Rubygate : Silvio et elles

Elles l’accusent ou l’adulent. Le jugent aussi, dans le procès du « Rubygate » qui va s’ouvrir. Les Italiennes sont omniprésentes dans la carrière de Berlusconi. Pour le meilleur et pour le pire.

Il vaut mieux aimer les femmes qu’être gay », avait dit Silvio Berlusconi en guise de défense, lorsqu’a éclaté le scandale Ruby – du nom de cette jeune femme avec laquelle il a été compromis. Il va être servi.

Poursuivi pour relations sexuelles tarifées avec une mineure et abus de fonction, le président du Conseil, Silvio Berlusconi, devrait comparaître le 31 mai, devant un collège composé deà trois juges femmes. Même sa comparution a été décidée par une femme juge ! Et, parmi les magistrats qui ont mené l’enquête, on retrouve Ilda Boccassini. Une femme, encore, que Silvio Berlusconi considère, depuis des années, comme sa pire ennemie. Bref, toute l’accusation du procès Ruby est entre les mains du sexe dit faible. « C’est Némésis ! » a commenté l’hebdomadaire catholique Famiglia Cristiana : « Celui qui s’est mal comporté avec les femmes sera jugé par des femmes. »

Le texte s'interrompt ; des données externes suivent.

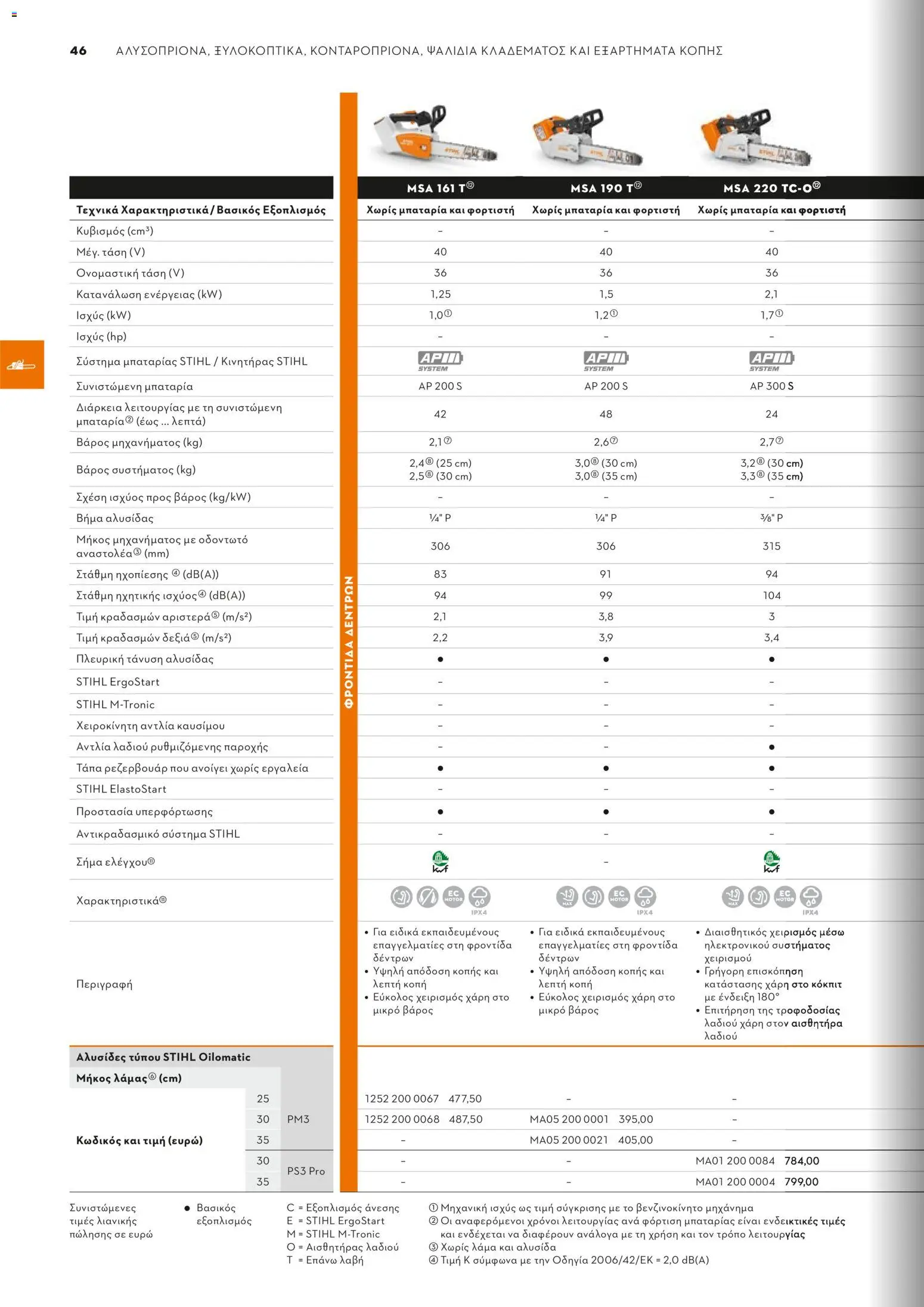 Stihl - Κατάλογος – σε ισχύ από 01.02.2026 | Σελίδα: 47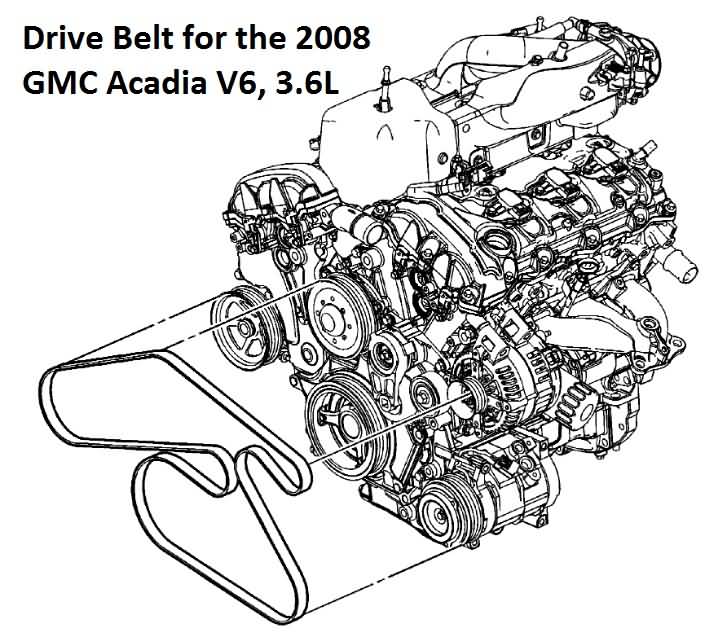 2007-2012 GMC Acadia 3.6L Serpentine Drive Belt 2007-2012 GMC Acadia 3.6L Serpentine Drive Belt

« Il y avait aussi des femmes de droite dans la rue »

La cinéaste Francesca Comencini, l’une des organisatrices de la grande manifestation des femmes du 13 février, avance une autre explication : « Les femmes sont très nombreuses, dans la magistrature comme ailleurs. Mais dans l’Italie d’aujourd’hui, elles ne peuvent plus aspirer qu’à être des veline, des showgirls de la télé. C’est contre cela que les Italiennes ont manifesté. D’ailleurs, il y avait aussi des femmes de droite dans la rue. » Des élues, par exemple comme ces deux députées du FLI (Futur et Liberté), l’avocate Giulia Bongiorno et l’ex-directrice du quotidien de droite Il Secolo d’Italia Flavia Perina. Cette dernière avait été punie pour avoir laissé le journal tancer, à la veille des élections de 2009, les candidatures de veline au Parlement européen. « C’était un peu avant que l’ex-épouse de Berlusconi, Veronica, n’envoie une lettre à La Repubblica où elle dénonçait, elle aussi, cette sélection aberrante, se souvient Flavia Perina. A l’en croire, si beaucoup de femmes à droite défendent encore Berlusconi, c’est parce que la droite berlusconienne (le Peuple de la Liberté, PDL) souffre de  »centralisme charismatique ». En cas de désaccord, mieux vaut se taire. » Ce n’est pas le cas de la députée journaliste qui ne cache pas sa colère : « Dans quel autre pays européen un chef de gouvernement parle-t-il de ses ministres femmes en disant  » le mie bambine » (mes petites) ? Quel homme politique oserait, au cours d’un meeting électoral, conseiller à une jeune fille au chômage, d »’épouser un homme riche  » ? Quel choc, lorsque nous avons découvert que la classe dirigeante était recrutée lors de fêtes ! »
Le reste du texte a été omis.